Grégory’s unquenchable thirst for knowledge led him to study journalism. He worked as a free-lance journalist for several years and participated in the creation of two new media communication start-up companies. Grégory seized all opportunities to travel to cover news and his social engagement grew stronger over the years as he observed social and environmental issues all over the planet. In 2005 he decided to launch the company’s first social project in Africa, to reinforce local media by bringing computers and other material resources to local organizations. At the same time, an oil spill was ruining the South West coast of France. Grégory quickly returned to France and engaged in the local clean-up of the beaches and coastland. He then pursued environmental work with a job at Greenpeace in the communications department. His work provided him with accelerated training on environmental causes, waste management and recycling, especially during his last mission, covering the asbestos issue on the French aircraft carrier Clemenceau disassembly process.

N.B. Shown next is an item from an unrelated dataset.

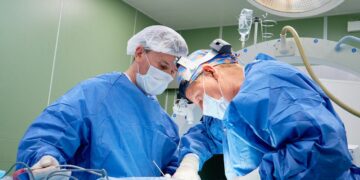 В Самаре спасли раненого участника СВО, проведя уникальную операцию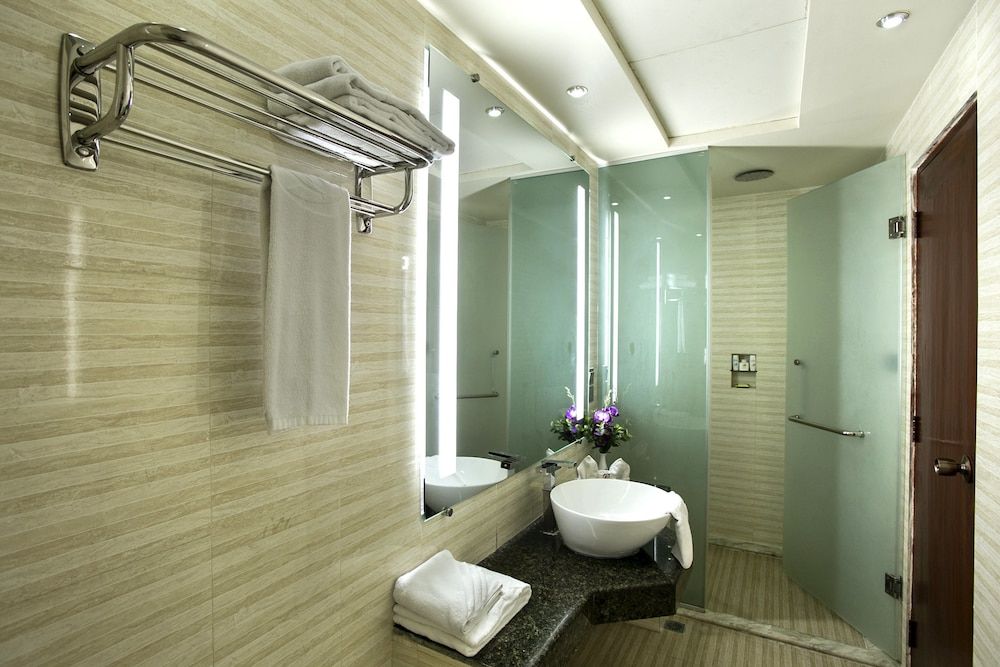 FARS Hotel & Resorts Deluxe King Room 15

At that time, Grégory realized that denouncing these problems was not enough. He returned to Oléron and decided to develop his own solution. Grégory started investigating and discovered an oil biofuel project in the South of France. He realized how cooking oil could be a punchy starting point for his recycling community model given that Oléron is a very touristic island where everyone eats French fries. His previous experiences and communication work helped the project grow rapidly and benefit from powerful media coverage, even at the Copenhagen Summit. Wearing several hats, Grégory not only has great communication skills but is also a coordinator in the field, a great spokesman with scientific expertise on recycling, and a strategic entrepreneur. Grégory is part of the network Entrepreneurs of the Future and helps develop social entrepreneurship in his region, while paying attention to his role as a husband, father, and stepfather to three children.